The workhorse tool for percent problems is the is/of relationship, often remembered as "is over of equals percent over 100":
part / whole = percent / 100
| Question type | Setup and answer |
|---|---|
| "What is 20% of 80?" | part = 0.20 x 80 = 16 |
| "15 is what percent of 60?" | 15 / 60 = 0.25 = 25% |
| "9 is 30% of what number?" | 9 / 0.30 = 30 |
Worked example 2. What is 20% of 80? Convert the percent to a decimal and multiply: 0.20 x 80 = 16. The word "of" signals multiplication.
Worked example 3. 15 is what percent of 60? Divide the part by the whole: 15 / 60 = 0.25, which is 25%.
Worked example 3b. 9 is 30% of what number? Here the part (9) and the percent (30%) are known, but the whole is missing. Divide the part by the decimal form of the percent: 9 / 0.30 = 30. So 9 is 30% of 30. Notice the pattern: to find the whole, divide the "is" number by the percent; to find the part, multiply.
Percent Change, Discount, and Markup
Percent change measures how much a quantity grew or shrank relative to its original value:
percent change = (new - original) / original x 100
A positive result is an increase; a negative result is a decrease. The most common error is dividing by the new value -- always divide by the original.
Worked example 4. A jacket's price rises from $40 to $50. What is the percent increase? Change = 50 - 40 = 10. Divide by the original: 10 / 40 = 0.25 = 25% increase.
A discount is a percent decrease and a markup is a percent increase. Two reliable methods handle both:
- Two-step: find the amount of the discount, then subtract. An $80 item at 25% off loses 0.25 x 80 = $20, so it costs 80 - 20 = $60.
- One-step multiplier: paying after a 25% discount means paying 100% - 25% = 75%, so 0.75 x 80 = $60. For a 25% markup, multiply by 1.25 instead.
The multiplier method is faster and well worth practicing until it feels automatic.
Worked example 5. A store marks up a $120 bicycle by 15%. What is the selling price? Multiplier = 1 + 0.15 = 1.15. Selling price = 1.15 x 120 = $138.
Simple Interest
Simple interest is interest paid only on the original principal, never on previously earned interest. The formula is I = P . r . t, where P is the principal, r is the annual rate written as a decimal, and t is the time in years.
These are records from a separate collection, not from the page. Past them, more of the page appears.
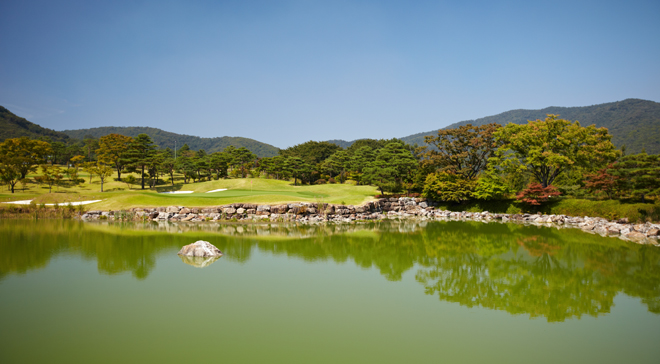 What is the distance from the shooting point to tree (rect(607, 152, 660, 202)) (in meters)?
20.9

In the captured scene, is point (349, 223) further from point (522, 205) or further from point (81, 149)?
point (81, 149)

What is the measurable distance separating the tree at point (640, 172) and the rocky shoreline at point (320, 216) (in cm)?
274

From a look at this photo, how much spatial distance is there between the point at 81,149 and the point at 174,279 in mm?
80424

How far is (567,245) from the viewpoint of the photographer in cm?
1538

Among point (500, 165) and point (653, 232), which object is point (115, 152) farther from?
point (653, 232)

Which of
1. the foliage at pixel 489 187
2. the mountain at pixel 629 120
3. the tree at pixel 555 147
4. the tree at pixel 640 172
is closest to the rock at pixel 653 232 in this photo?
the tree at pixel 640 172

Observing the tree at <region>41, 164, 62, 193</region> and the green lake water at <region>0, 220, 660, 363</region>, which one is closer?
the green lake water at <region>0, 220, 660, 363</region>

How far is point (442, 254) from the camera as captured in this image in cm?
1322

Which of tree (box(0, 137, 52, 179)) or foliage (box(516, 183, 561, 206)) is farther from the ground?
tree (box(0, 137, 52, 179))

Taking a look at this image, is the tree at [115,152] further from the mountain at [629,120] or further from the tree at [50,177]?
the mountain at [629,120]

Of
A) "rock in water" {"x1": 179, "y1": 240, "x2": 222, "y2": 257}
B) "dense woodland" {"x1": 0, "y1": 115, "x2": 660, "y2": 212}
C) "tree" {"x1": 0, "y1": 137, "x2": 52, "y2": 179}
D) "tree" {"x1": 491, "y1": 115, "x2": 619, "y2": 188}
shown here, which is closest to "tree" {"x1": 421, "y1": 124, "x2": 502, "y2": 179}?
"dense woodland" {"x1": 0, "y1": 115, "x2": 660, "y2": 212}

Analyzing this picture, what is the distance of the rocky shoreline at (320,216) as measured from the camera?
20234mm

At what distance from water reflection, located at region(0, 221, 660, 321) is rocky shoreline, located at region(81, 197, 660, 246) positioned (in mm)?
2484

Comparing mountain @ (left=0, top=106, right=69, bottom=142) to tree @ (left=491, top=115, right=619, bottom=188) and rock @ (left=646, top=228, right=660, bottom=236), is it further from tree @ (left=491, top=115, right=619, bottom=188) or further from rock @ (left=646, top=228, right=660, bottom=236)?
rock @ (left=646, top=228, right=660, bottom=236) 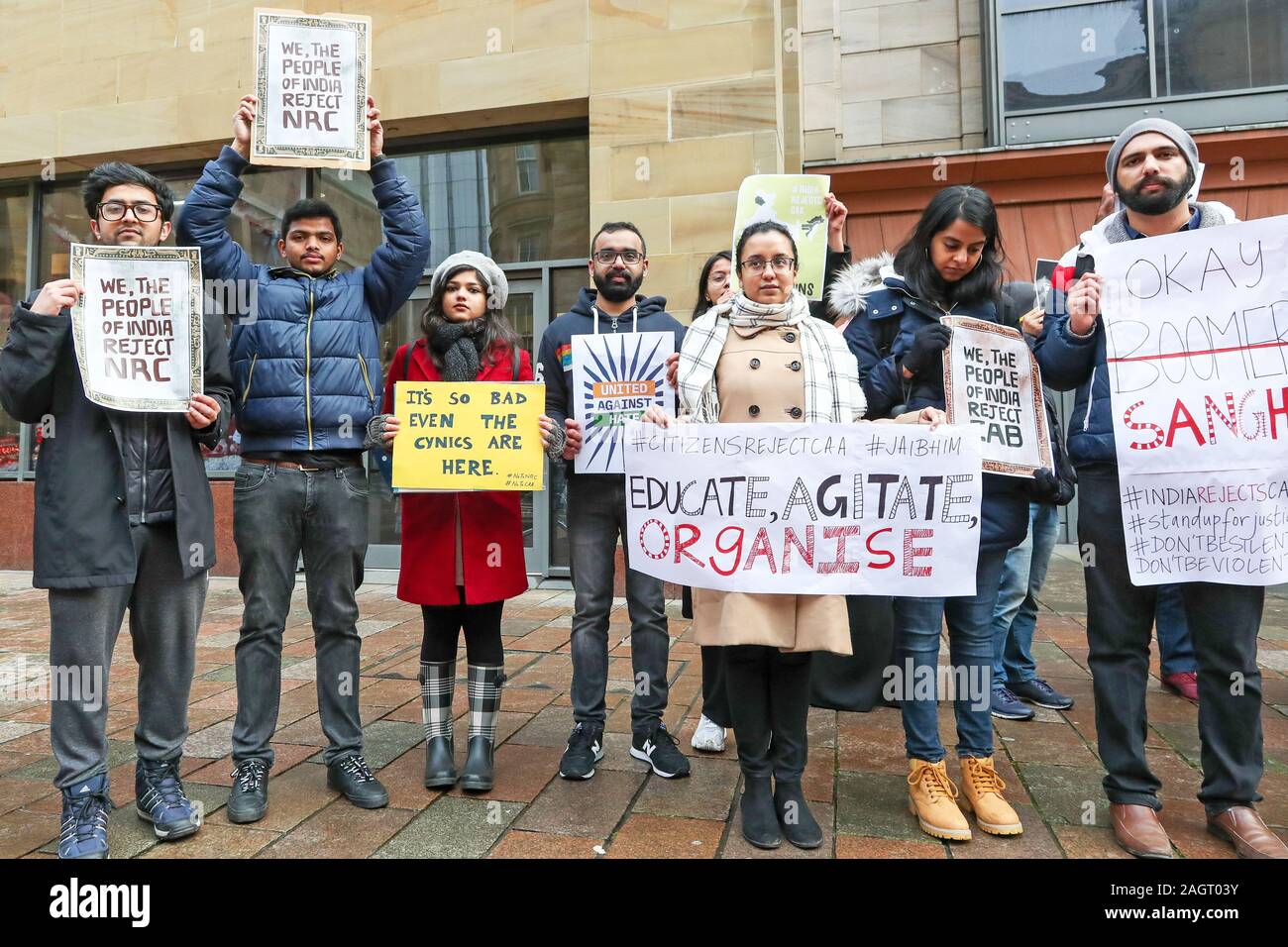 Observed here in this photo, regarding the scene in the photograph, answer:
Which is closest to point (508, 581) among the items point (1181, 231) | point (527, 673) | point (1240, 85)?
point (527, 673)

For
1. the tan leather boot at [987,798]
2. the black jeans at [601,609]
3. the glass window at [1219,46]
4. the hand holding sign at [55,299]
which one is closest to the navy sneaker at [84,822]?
the hand holding sign at [55,299]

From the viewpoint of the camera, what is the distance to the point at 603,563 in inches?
139

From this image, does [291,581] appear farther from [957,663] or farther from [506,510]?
[957,663]

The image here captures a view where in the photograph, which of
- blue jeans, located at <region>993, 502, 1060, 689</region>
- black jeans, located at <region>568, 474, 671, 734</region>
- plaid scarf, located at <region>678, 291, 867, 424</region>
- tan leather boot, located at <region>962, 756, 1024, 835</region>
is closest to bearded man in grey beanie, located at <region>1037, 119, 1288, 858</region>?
tan leather boot, located at <region>962, 756, 1024, 835</region>

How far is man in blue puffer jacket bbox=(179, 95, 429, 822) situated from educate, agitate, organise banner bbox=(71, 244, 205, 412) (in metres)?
0.26

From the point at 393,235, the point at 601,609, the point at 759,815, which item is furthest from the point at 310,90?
the point at 759,815

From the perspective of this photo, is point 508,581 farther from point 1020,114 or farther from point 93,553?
point 1020,114

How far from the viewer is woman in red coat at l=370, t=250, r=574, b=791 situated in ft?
10.7

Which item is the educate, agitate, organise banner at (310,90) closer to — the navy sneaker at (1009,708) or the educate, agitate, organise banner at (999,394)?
the educate, agitate, organise banner at (999,394)

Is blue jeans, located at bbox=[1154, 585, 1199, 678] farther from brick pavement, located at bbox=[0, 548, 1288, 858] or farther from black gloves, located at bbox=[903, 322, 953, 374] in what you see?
black gloves, located at bbox=[903, 322, 953, 374]

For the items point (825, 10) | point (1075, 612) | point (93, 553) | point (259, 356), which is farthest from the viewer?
point (825, 10)

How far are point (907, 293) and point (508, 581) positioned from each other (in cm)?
191

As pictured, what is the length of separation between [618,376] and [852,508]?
48.0 inches

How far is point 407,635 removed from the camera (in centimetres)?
602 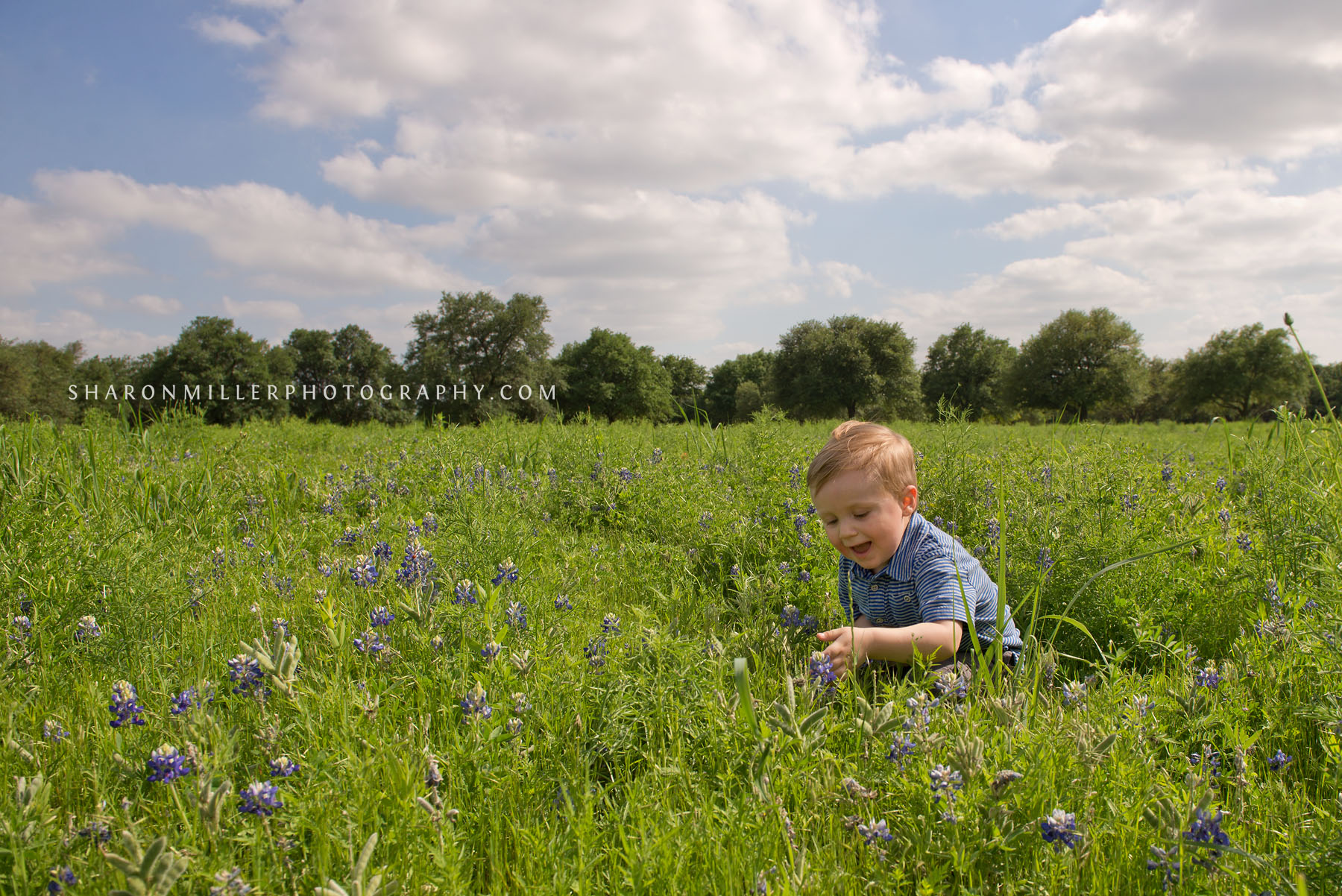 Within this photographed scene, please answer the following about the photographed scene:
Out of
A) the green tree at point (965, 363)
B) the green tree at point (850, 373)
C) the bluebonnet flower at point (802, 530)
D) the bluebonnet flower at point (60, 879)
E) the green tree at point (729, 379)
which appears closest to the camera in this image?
the bluebonnet flower at point (60, 879)

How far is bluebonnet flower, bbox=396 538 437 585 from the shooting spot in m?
3.23

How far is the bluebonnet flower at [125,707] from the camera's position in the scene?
2025 millimetres

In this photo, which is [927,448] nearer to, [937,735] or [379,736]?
[937,735]

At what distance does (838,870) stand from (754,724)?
0.42 meters

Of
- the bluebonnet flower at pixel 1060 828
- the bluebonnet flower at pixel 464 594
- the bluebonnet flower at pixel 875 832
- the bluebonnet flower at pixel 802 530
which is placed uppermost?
the bluebonnet flower at pixel 802 530

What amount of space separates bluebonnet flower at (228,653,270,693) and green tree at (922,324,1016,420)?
89321mm

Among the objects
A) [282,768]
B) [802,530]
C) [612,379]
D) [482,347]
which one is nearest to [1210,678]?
[802,530]

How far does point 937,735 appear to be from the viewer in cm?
205

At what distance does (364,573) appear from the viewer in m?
3.31

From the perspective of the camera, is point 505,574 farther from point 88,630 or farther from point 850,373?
point 850,373

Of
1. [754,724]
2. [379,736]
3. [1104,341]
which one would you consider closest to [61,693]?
[379,736]

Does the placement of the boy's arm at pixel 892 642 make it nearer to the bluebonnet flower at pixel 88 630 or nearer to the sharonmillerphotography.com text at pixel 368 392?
the bluebonnet flower at pixel 88 630

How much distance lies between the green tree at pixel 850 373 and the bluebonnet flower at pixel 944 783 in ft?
189

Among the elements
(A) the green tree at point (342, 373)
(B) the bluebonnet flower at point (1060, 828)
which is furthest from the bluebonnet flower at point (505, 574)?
(A) the green tree at point (342, 373) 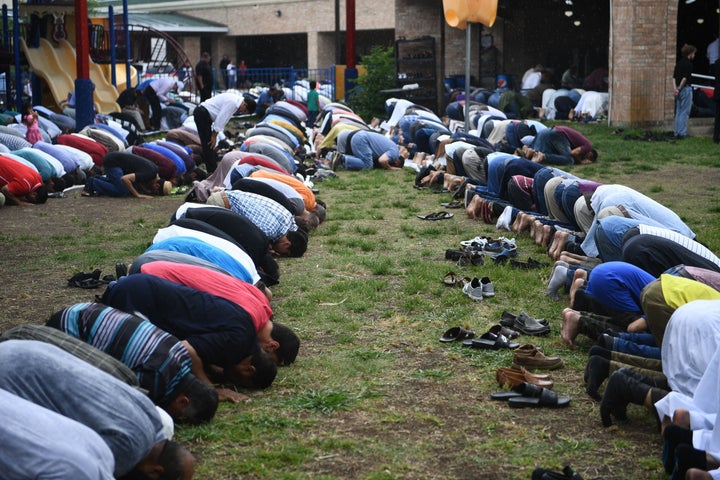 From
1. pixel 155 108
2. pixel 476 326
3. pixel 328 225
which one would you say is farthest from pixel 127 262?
pixel 155 108

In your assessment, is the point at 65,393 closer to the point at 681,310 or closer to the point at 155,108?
the point at 681,310

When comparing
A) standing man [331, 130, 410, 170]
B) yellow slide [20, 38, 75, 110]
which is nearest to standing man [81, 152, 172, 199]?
standing man [331, 130, 410, 170]

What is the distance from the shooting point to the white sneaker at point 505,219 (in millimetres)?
9758

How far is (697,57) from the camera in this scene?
2780 centimetres

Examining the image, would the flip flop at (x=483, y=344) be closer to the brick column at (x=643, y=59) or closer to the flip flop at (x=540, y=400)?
the flip flop at (x=540, y=400)

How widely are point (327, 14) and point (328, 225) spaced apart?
30831 mm

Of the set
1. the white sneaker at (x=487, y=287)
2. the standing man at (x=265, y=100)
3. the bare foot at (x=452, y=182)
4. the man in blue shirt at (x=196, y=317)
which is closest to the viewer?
the man in blue shirt at (x=196, y=317)

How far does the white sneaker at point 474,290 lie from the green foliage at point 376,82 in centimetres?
1557

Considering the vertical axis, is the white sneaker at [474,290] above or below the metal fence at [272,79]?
below

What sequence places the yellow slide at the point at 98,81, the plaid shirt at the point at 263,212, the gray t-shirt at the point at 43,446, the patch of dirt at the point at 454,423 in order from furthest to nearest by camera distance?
the yellow slide at the point at 98,81
the plaid shirt at the point at 263,212
the patch of dirt at the point at 454,423
the gray t-shirt at the point at 43,446

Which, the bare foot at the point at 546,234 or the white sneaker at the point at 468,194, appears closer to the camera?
the bare foot at the point at 546,234

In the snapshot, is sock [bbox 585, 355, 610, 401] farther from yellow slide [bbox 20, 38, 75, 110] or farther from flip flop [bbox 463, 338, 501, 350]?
yellow slide [bbox 20, 38, 75, 110]

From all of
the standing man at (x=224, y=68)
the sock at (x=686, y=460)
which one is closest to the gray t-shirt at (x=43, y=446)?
the sock at (x=686, y=460)

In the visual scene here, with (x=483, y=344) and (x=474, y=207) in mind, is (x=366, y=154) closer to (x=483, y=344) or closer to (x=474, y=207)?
(x=474, y=207) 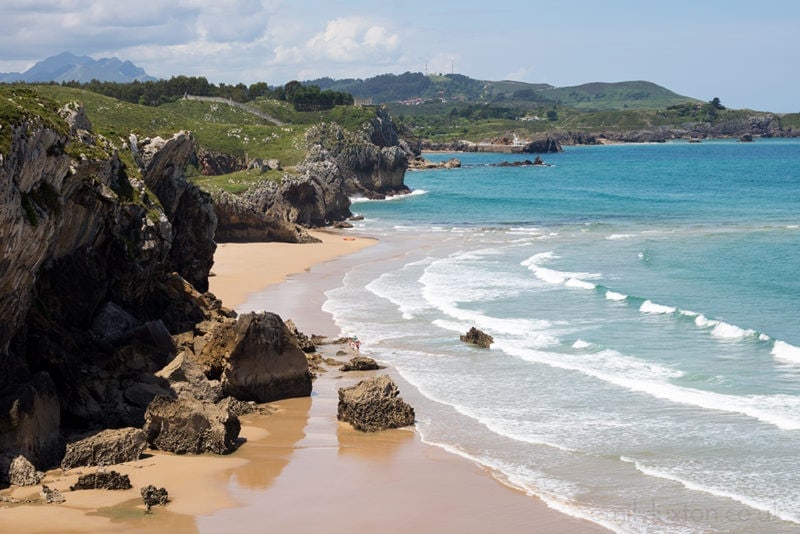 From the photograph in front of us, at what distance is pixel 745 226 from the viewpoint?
66.9m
Worked example 6. You deposit $2,000 at 3% simple interest for 4 years. How much interest do you earn, and what is the balance? Interest: I = 2000 x 0.03 x 4 = $240. Balance = principal + interest = 2000 + 240 = $2,240. If the time were given in months, convert to years first (for example, 6 months = 0.5 year, and 18 months = 1.5 years). Watch the units: the rate and the time must both be annual for the basic formula to work.
If 4 notebooks cost $6, how much do 10 notebooks cost at the same rate?
A jacket's price rises from $40 to $50. What is the percent increase?
You deposit $2,000 at 3% simple interest for 4 years. How much interest do you earn?